The Bitcoin price fell back during the current session, registering a marginal drop as it struggles to climb above $45,000. BTC had started the week on a fairly bullish note, rising above the 50-day SMA and moving to $43,886. Tuesday saw BTC register a marginal increase as it moved past the $44,000 level before rising by 0.73% on Wednesday and pushing up to $44,437. The current session has seen BTC register a marginal drop as it struggles to push to $45,000.
Bitcoin Price Chart Indicates Buyers And Sellers Struggling For Control
The Bitcoin price started the previous week on a fairly positive note, rising by 1.42% on Monday and pushing to $38,482. On Tuesday, the price continued to push higher, registering a marginal increase and pushing to $38,760, where the 20-day SMA was acting as resistance. As a result, the price fell back on Wednesday, dropping by nearly 5% and falling to $36,986 before registering a marginal recovery on Thursday and rising to $37,350. Friday saw BTC register a significant surge, as it rose by over 11%, pushed past the 20-day SMA, and settled at $41,623.
Image: BTC/USD daily
After surging by over 11% on Friday, the Bitcoin price fell back over the weekend, registering a marginal drop on Saturday and then rising by over 2% on Sunday to end the weekend at $42,409. Monday saw BTC remain bullish, as the price pushed above the 50-day SMA and rose to $43,886. BTC continued to push higher from this level, rising to $44,116 on Tuesday and then to $44,437 on Wednesday before dropping during the ongoing session.

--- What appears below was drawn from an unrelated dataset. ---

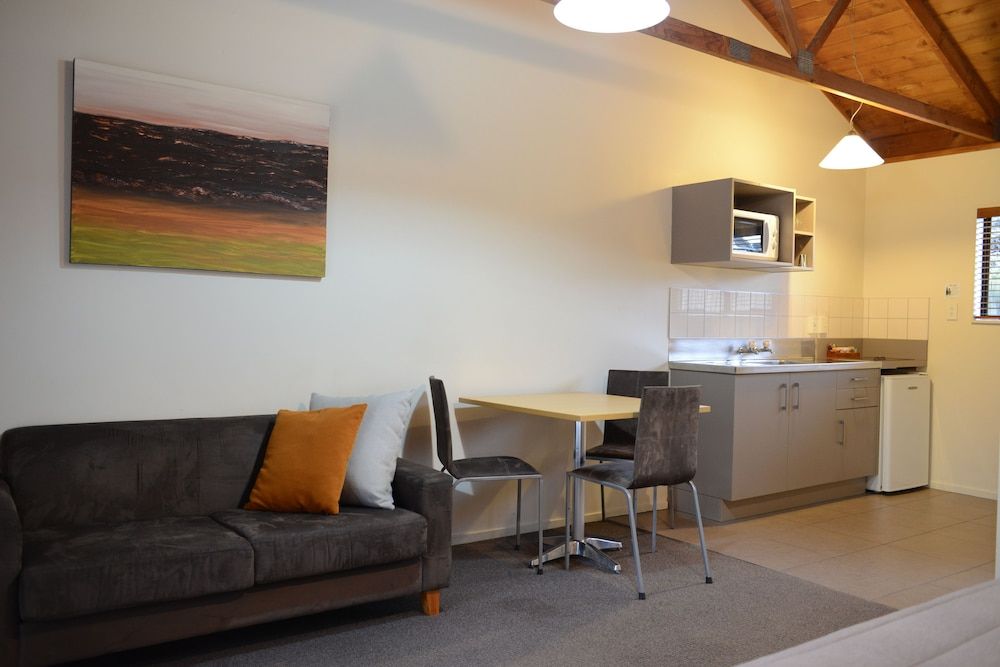 The Hobbit Motorlodge Premium Studio, Non Smoking, Kitchenette 2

We can see that the MACD is bullish, but if BTC continues to drop, we could see it flip to bearish.
IntoTheBlock’s IOMAP for the Bitcoin price shows us that BTC faces strong resistance at around $48,789. At this price level, over 1.6 million addresses have sold more than 993,000 BTC.
The 4-hour Bitcoin price chart shows us that BTC had dropped to $36,559 on the 4th. The price made a strong recovery from this level, rising to $37,350, then surging past the 20 and 50-bar SMAs and rising to $39,497. After reaching this level, BTC continued to remain bullish, pushing past the 200-bar SMA and rising to $41,623. BTC registered a marginal drop from this level, falling to $41,554 on the 6th, before recovering and surging to $44,951 on the 8th. The price fell back from this level, dropping to $43,027, where the 20-bar SMA acted as support. As a result, BTC was able to recover and push up to its current level of $44,210.
We can see that the MACD is currently bearish, but if BTC can recover from this level, we could see it flip to bullish.
Image: BTC/USD 4-hour
New iPhone Feature Will Enable Bitcoin ‘Tap To Pay’ Transactions
Users of Apple Pay will soon be able to utilize the iPhone’s Tap to Pay function to make Bitcoin and other cryptocurrency purchases at a range of popular stores and services shortly.
Apple recently revealed plans to include the new feature that essentially transforms its smartphone into a point-of-sale device for companies and merchants. With the use of near-field communication (NFC), iPhone-owning businesses may accept contactless payments by using their mobile devices like point-of-sale machines.
In a statement, Apple said that the Tap to Pay feature will be available shortly and would expand support to “Apple Pay, contactless credit and debit cards, and other digital wallets.”
Apple CEO Tim Cook said:
“We just introduced Tap to Pay on iPhone, a great way for millions of small businesses to accept contactless payments right from their iPhone. It’s easy, secure, and will be coming out later this year.”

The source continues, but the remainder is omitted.